He has been the Superintendent of Schools in the Freedom Area School District in Beaver County for over 29 years. Bob is a special favorite of those in
PARSS, because of his early involvement in school funding and his stand on equity throughout the years.
He was the person who made the motion to get PARSS to go to court in the equity suit. |
We celebrate Bob Cercone because his career is all about "getting things done" for the youngsters in his school district.
When there has been a problem in Beaver County, Bob Cercone has been the man to call.
He initiated legislation that provided funds for schools that were literally sinking because of mines under the ground.
He worked with local, state and federal officials to get funds to ameliorate the situation.
His approach to labor negotiations, "win-win" has provided a positive labor atmosphere within the district.
There has not been a strike in the district during his tenure, which also coincides with Act 195.
Above all, he is an advocate for the children in the school district, as well as children in the poor parts of the state.
His schools and programs have won numerous state and national awards for their excellence.

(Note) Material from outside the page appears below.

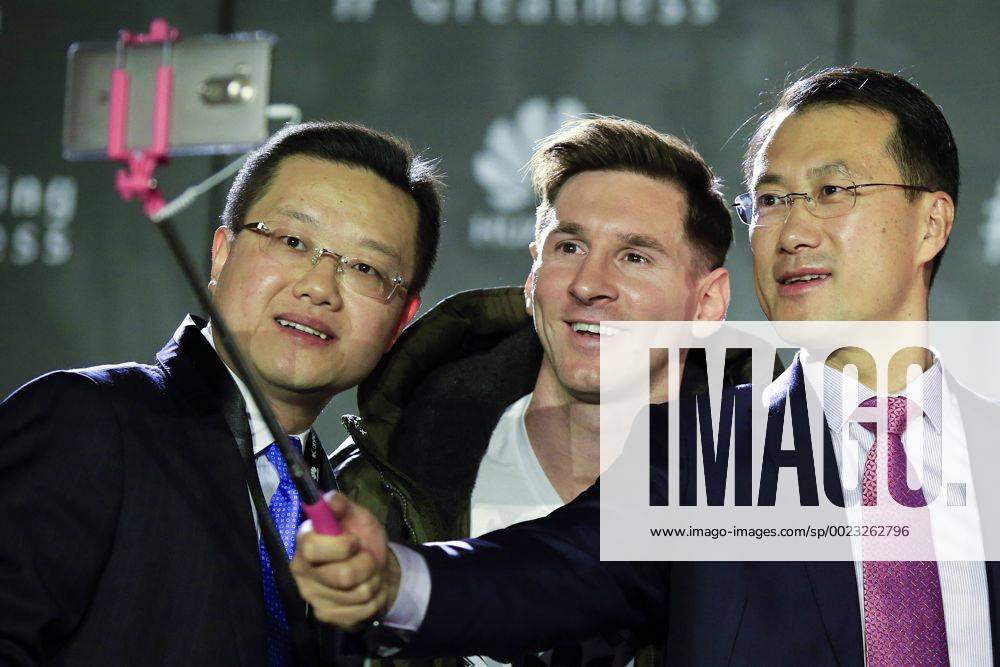 -- FC Barcelona Barca s Argentinian forward Lionel Messi (C), Tyrone Liu (L), CEO Consumer Business Group for Huawei Latin America, and Kevin Ho, President of Handset Business of Huawei Consumer BG, take a selfie during a press conference PK Pressekonferenz in which Huawei announces Messi s appointment as the company s latest Global Brand Ambassador in Barcelona, Spain, March 17, 2016. ) (SP)SPAIN-BARCELONA-HUAWEI-MESSI PauxBarrena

Bob Cercone is as active today, as he was the first day that he was on the job.
His boundless energy sets him apart from the ordinary, his care for those in
tough circumstances makes him a special person. One day you may get a call from Bob saying, "I just want to ask you one
question." Congratulations Bob from all of us in the public schools of Pennsylvania.
On June 15, a representative group of PARSS staff and board members met to review the final report on the marketing study conducted by Bright Futures Unlimited.
The study, which entailed holding six focus groups around the State, attracted participation by 88 individuals representing 44 districts.
Most participants were superintendents or business managers, but board members, building principals, I.U. directors and I.U. staff were also represented.
After studying all focus group input on the needs of local districts and suggestions about how PARSS might meet those needs, the group evaluated suggested services in relation to the following criteria:
- Was the service suggested frequently and does it address a universal need?
- Is the service consistent with the mission of PARSS and within our area of expertise?
The following services were recommended to and approved by the PARSS board at their June 16,
2000 board meeting:
- PARSS should support districts by developing a list of recommended grant writers and establishing a link to their services on the
website.
- PARSS should maintain a confidential registry of people considering other professional opportunities.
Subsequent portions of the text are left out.